Around 11:30 on March 16, 1968, Captain Ernest Medina ordered a ceasefire of US troops under his command in the South Vietnamese village of My Lai 4. After nearly four hours of gunfire, there was silence. There was silence, even though the order only applied to American soldiers. There was silence because none of the Viet Cong in the village were firing back. There was silence because the Viet Cong had never fired on US troops that day. There was silence because there were no Viet Cong in the village that day. There was silence because most of the people who were in the village that day were dead.
The gunfire began at 7:50 in the morning when two Huey gunships began strafing the boundaries of the village to provide cover for Medina’s advancing platoons. The Hueys shot anyone who fled the village, under the assumption they must be Viet Cong.
A mere five minutes later, Charlie Company was already on the ground, under the command of Lieutenant William “Rusty” Calley. A radio report from Calley’s platoon claimed they’d already killed 15 Viet Cong and had as yet encountered no resistance. They continued killing for the next 210 minutes. They yanked families out of their hooches, lined them up along a ditch, and shot them. They shot people working in the fields. They shot people running for cover. They shot the wounded. They shot people who tried to aid and comfort the wounded. They shot the young and the old. They shot mothers and grandmothers. They shot everyone they saw. What they didn’t shoot was anyone who shot at them. What they didn’t shoot was anyone who had a gun. What they didn’t shoot was any Viet Cong.

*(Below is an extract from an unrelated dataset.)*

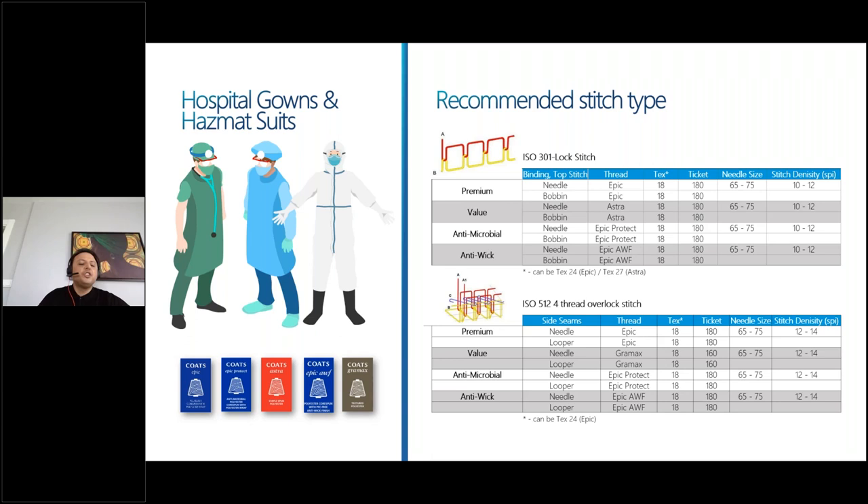For hospital gowns and hazmat suits, we generally see lock stitch and overlock stitches. In thread, needle, and stitch rating selection, we will follow the same logic as face mask production. If the requirement is not water repellent or antibacterial, we suggest Epic first, then Astra quality for lock stitch operations, with a stitch rating of around 10 to 12 stitches per inch. If the requirement is water repellent or antimicrobial, thread quality will change to Epic AWF and Epic Protect. In overlock stitches, in addition to Epic, Astra, Epic AWF, and Epic Protect, we also suggest textured polyester sewing threads called Gramax, which gives extra soft and comfortable touch in PPE garments.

By 11:30, when Medina issued his ceasefire order, US forces had killed as many as 502 people. When they combed through the piles of bodies, and searched the huts, bunkers and tunnels, they found three weapons, all of them US-made. In the entire operation, no US troops were injured by enemy fire. The closest any US troops came to being shot that day was when Warrant Officer Hugh Thompson, and his two crewmates, Lawrence Colburn and Glenn Andreotti, intervened to keep GIs in the 2nd Platoon from killing a group of Vietnamese women and children cowering in a bunker. One other US soldier shot himself in the foot to avoid being forced to kill wounded civilians.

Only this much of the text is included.